In like manner all strange and seemingly fantastic and heathen customs have their birth in reason, if we can only detect it. The Indian, for instance, paints his face as a protection from the dry and arid western winds, which make some artificial application of grease necessary. Let those who doubt this take a glance at the parched visage of some Arizona rancher.
Some people maintain that the Indian is equal in intelligence to the white man. Common sense tells us that this is not true. No race mentally equal to the Caucasian would remain for centuries in barbarism and turn from civilization even when it is thrust upon them. It is sometimes said that an Indian is a white man’s equal because he can pass the intelligence test of a twelve-year-old white boy, this modicum of intelligence being scientifically sufficient to rescue a white man from the ranks of the mentally deficient. A man might almost as well be insane as to escape insanity by a hair’s breadth. And so, also, of his intellect.

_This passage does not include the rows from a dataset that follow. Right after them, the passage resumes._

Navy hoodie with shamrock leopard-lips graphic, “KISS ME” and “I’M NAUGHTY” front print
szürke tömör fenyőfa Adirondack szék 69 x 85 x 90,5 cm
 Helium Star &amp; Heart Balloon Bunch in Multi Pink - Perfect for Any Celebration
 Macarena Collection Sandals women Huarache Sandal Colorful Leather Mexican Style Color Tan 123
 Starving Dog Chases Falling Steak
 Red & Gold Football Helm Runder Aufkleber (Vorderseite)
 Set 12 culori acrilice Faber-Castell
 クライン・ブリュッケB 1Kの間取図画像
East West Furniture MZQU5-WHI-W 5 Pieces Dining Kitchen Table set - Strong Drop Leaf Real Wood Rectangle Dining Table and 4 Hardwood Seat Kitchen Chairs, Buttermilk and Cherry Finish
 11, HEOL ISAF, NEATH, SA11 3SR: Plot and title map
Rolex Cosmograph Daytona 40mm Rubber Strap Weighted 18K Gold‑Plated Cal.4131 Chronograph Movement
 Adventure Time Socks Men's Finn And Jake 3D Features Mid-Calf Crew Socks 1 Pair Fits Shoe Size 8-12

An Episcopalian missionary to the Indians on the Fort Hall reservation, said in this connection: “I noticed when I first began to work among these Indians that I could establish no footing of equality between myself and the bucks, although the latter seemed to be on the most familiar terms with my twelve-year-old boy. This puzzled me for some time, and I began to watch the intercourse between my boy and the Indians. Then I discovered the secret. The mentality of my boy and of the Indians was on a par. The red men, although adults in years, were twelve-year-olds in mind. From that time on I talked with them on such terms and my former trouble was ended.”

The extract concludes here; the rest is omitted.